Studies show that around 20% of patients have an adverse incident within 30 days of their discharge from their respective hospitals. Three-quarters of these events could have been helped or averted with better discharge planning. Common post-discharge difficulties include hospital-acquired infections, procedural complications, and adverse drug effects. Most, if not all, of these complications can be due to discharge planning issues. For example, changes or inconsistencies in medications prior to/after patient discharge, insufficient preparation for patient and family regarding information on medications/danger signs/lifestyle changes, disconnects in clinician and patient communication, and discontinuity between inpatient and outpatient providers.

Patient and family involvement in the discharge planning process is imperative for improving patient outcomes, reducing unplanned readmissions, and increasing patient satisfaction. Hospitals are beginning to focus on transitions in care to improve hospital safety and quality. In fact, the Centers for Medicare and Medicaid Services instated new guidelines in 2012 that reduce payment to hospitals exceeding their expected readmission rates.

This document will serve to explain and expand on the Agency for Healthcare Research and Quality’s Care Transitions from Hospital to Home: IDEAL Discharge Planning tools.

What is IDEAL Discharge Planning?

Include the patient and patient’s family as full partners in the discharge planning process

Discuss with the patient and patient’s family the five areas to preventing problems at home after discharge:

  1. Describe what life at home will be like post-discharge
  2. Review their medications and dosages
  3. Highlight warning signs and problems
  4. Explain test results clearly
  5. Make follow-up appointments

Educate the patient and patient’s family in plain language about the patient’s condition, the process of discharging them, and what their next steps will be throughout the hospital stay.

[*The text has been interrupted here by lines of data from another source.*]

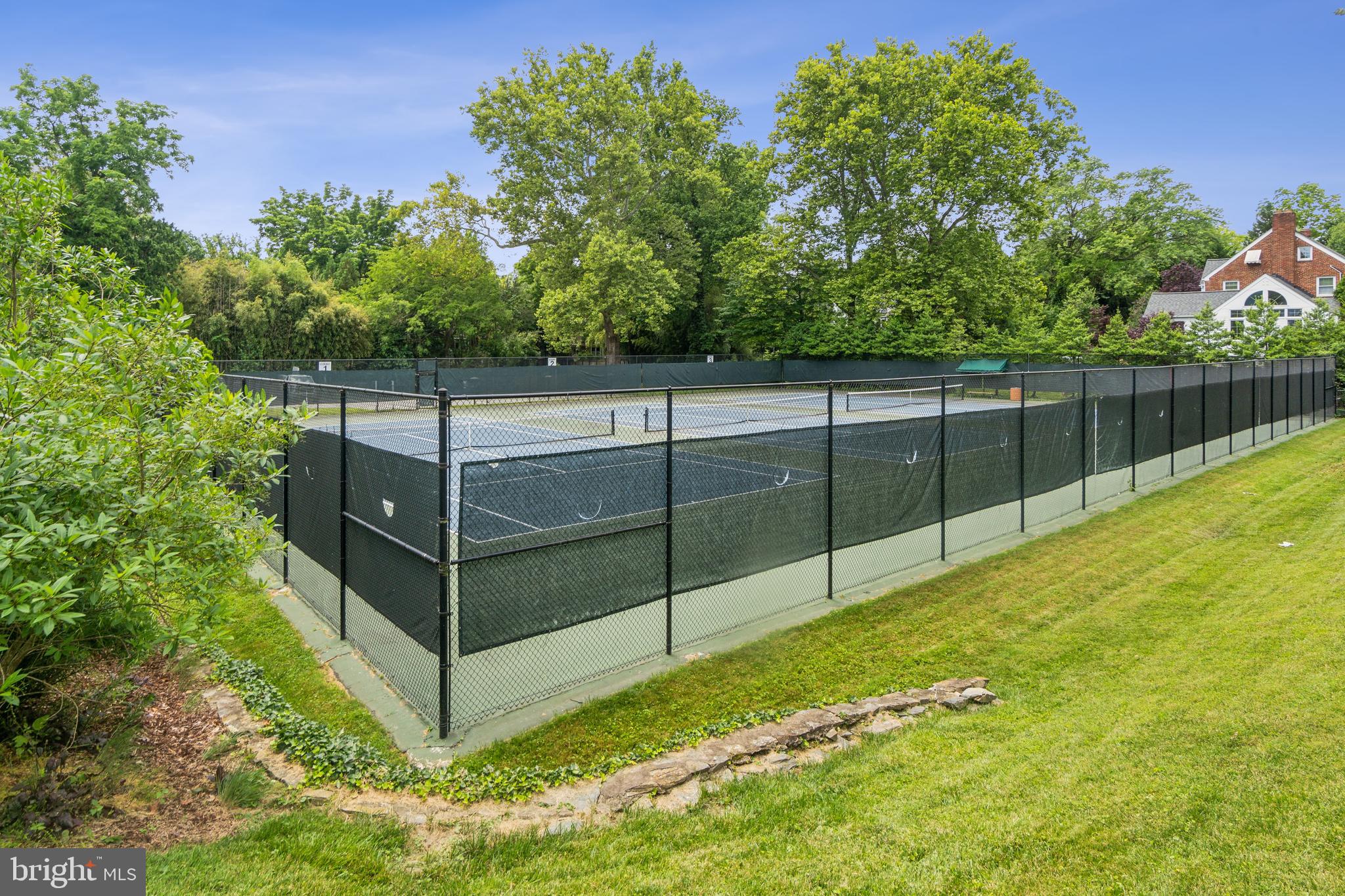 SOMERSET - Residential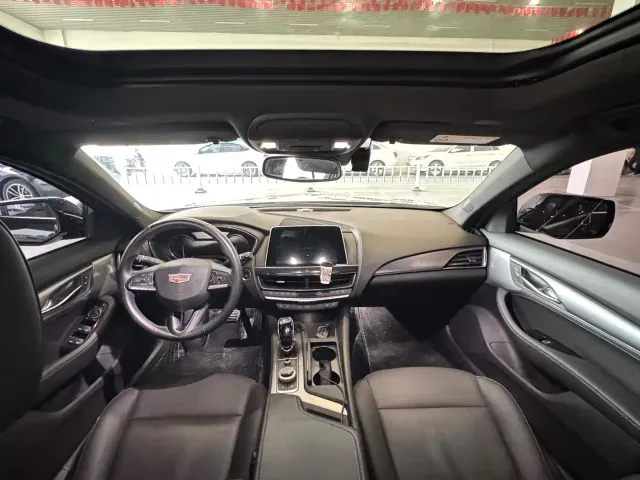 Cadillac CT5 — Фото автомобиля 14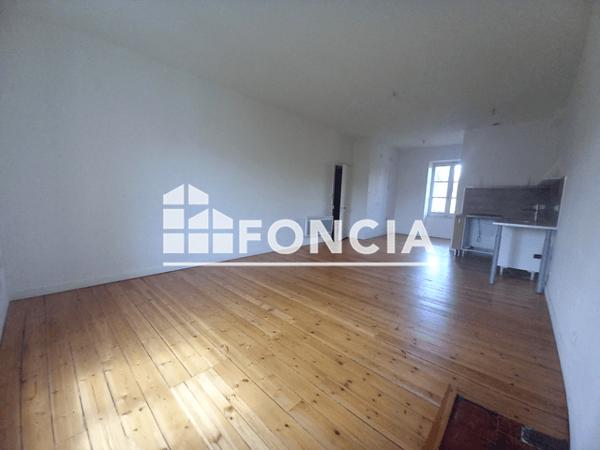Location Appartement 4 pièces 85 m² - Poitiers Cedex 86000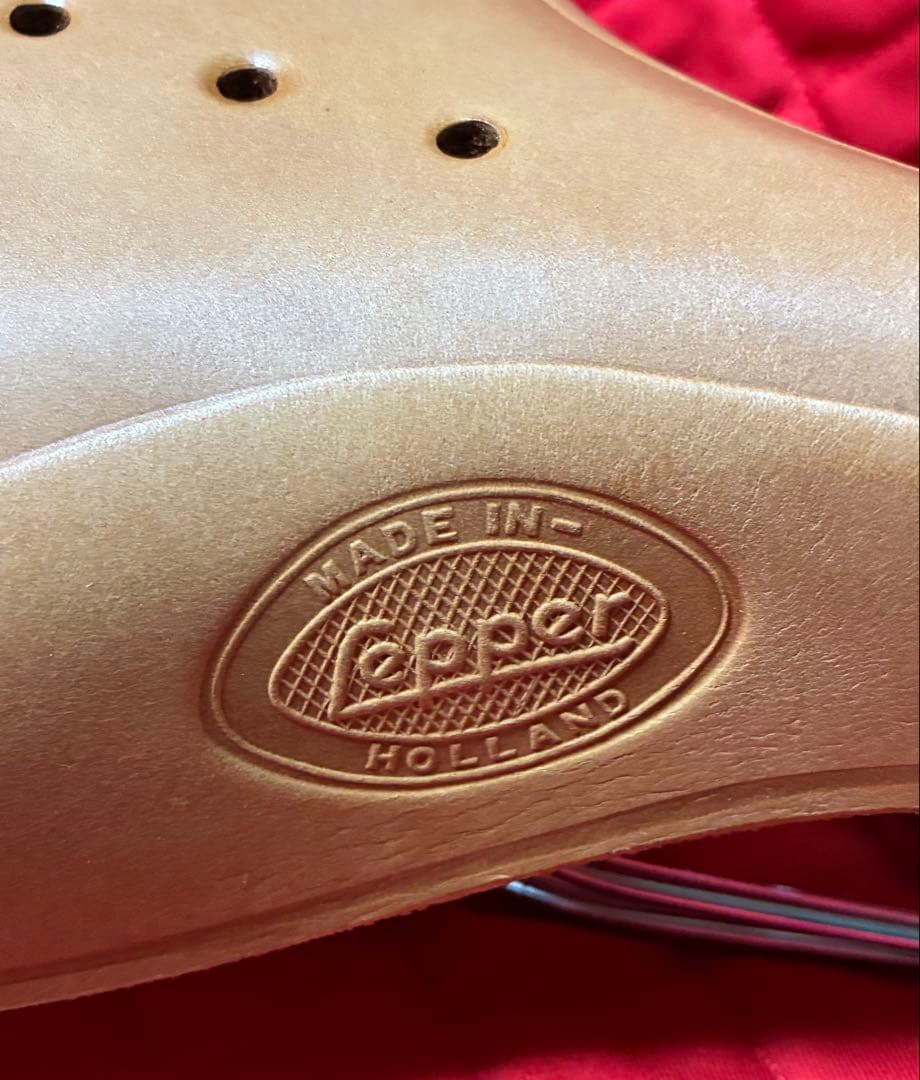 Lepper社　レッパー社　本革サドル　自転車パーツ　オランダ　未使用品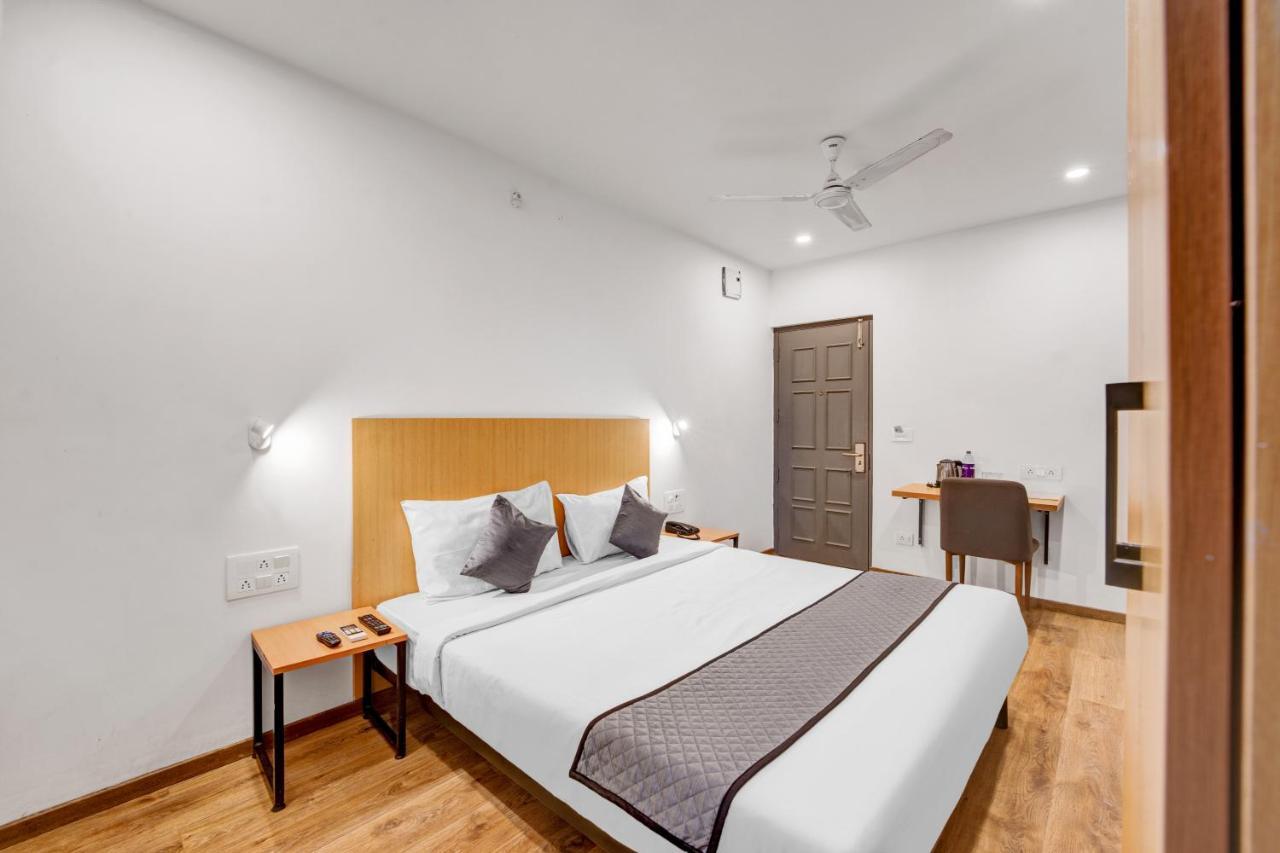 Upar Hotels Uthandi, Ecr Chennai Exterior foto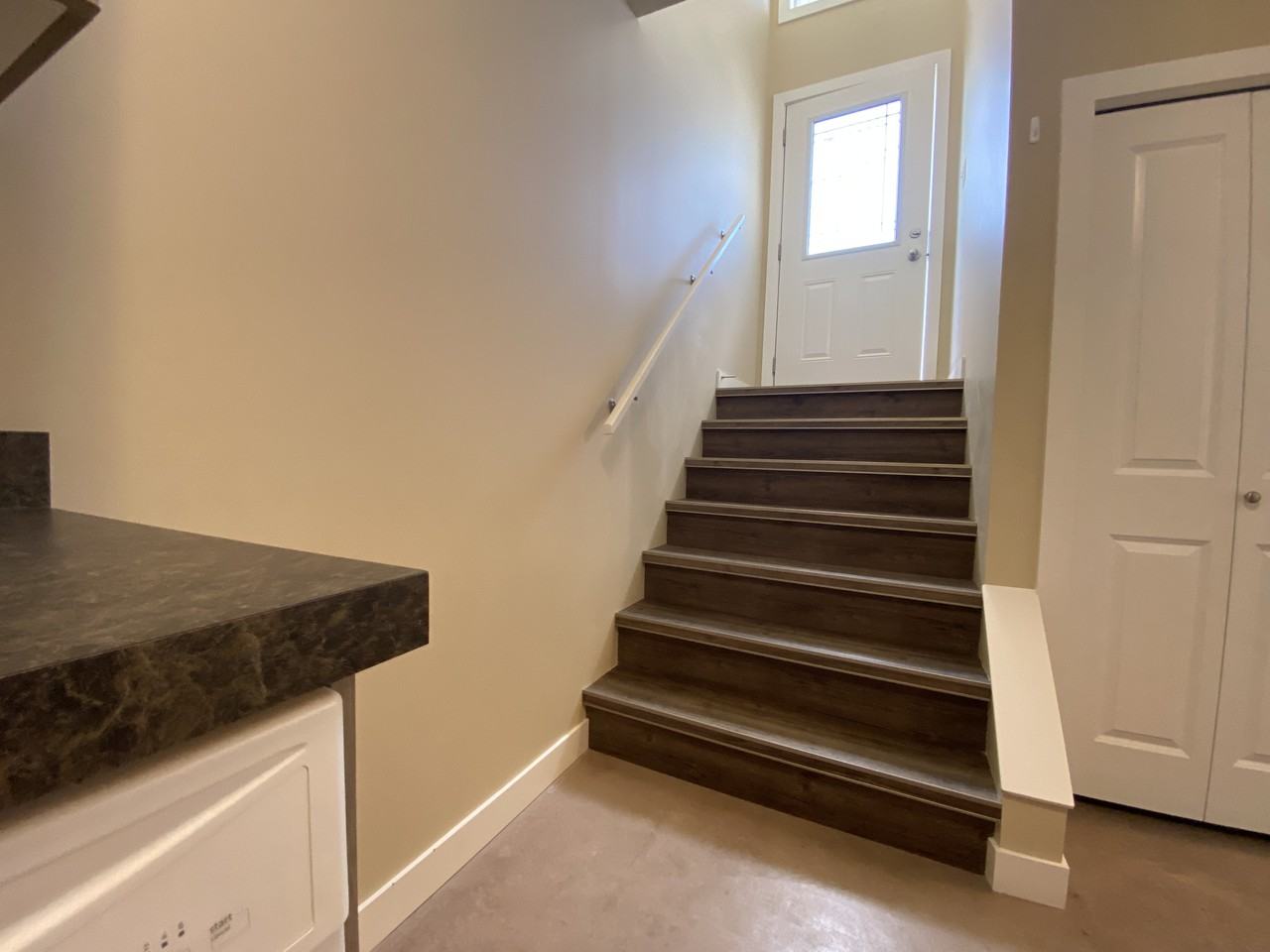 9209 93 Avenue - Photo 2 of 8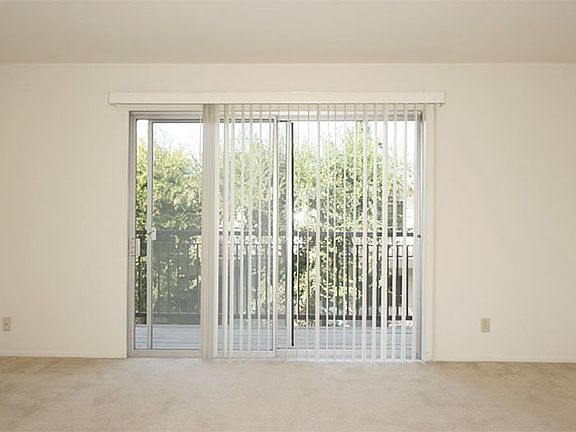 4th image of 350 Curtner Ave APT 17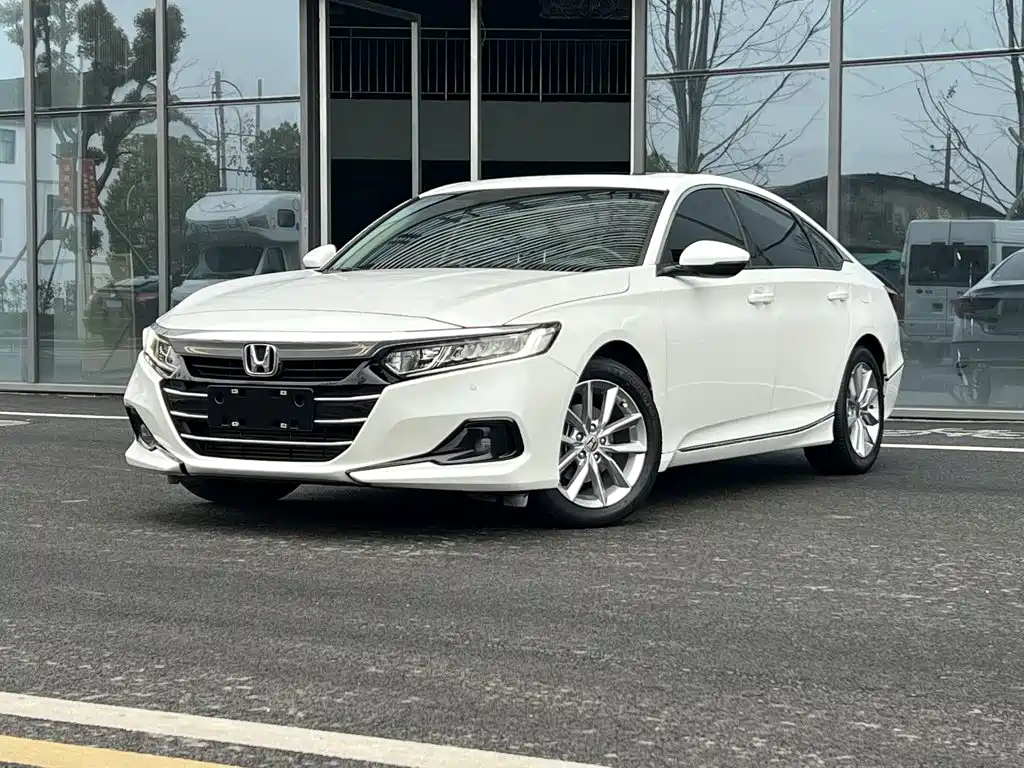 Honda Accord — фото 2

Assess how well medical professionals are explaining diagnoses, conditions, and the patient’s next steps using the teach back method.

Listen to and respect the patient’s and family’s goals, observations, concerns, and preferences.

This process should include at least one meeting to discuss concerns and questions with the patient, family of the patient’s choice, and particular members of your hospital’s staff.

Implementing IDEAL Discharge Planning

Clinicians

In the IDEAL Discharge Planning process, clinicians are expected to integrate the IDEAL discharge elements in their practice, make themselves available to the hospital staff who will be working with the patient and family, and take part in trainings on the IDEAL process.

Components of Discharge

The blue bullet points provide insight as to how to implement each part of the IDEAL discharge process effectively.

Include the patient and patient’s family as full partners in the discharge planning process

  • The patient and family should be key players in team meetings regarding discharge. Discharge is not a one-time event, as it is a process that unfolds throughout the entirety of the hospital stay.
  • Identify which family and/or friends will be providing care at home and ensure that you are including them in conversations. Do not assume the family members at the hospital will be the family members caring for the patient at home.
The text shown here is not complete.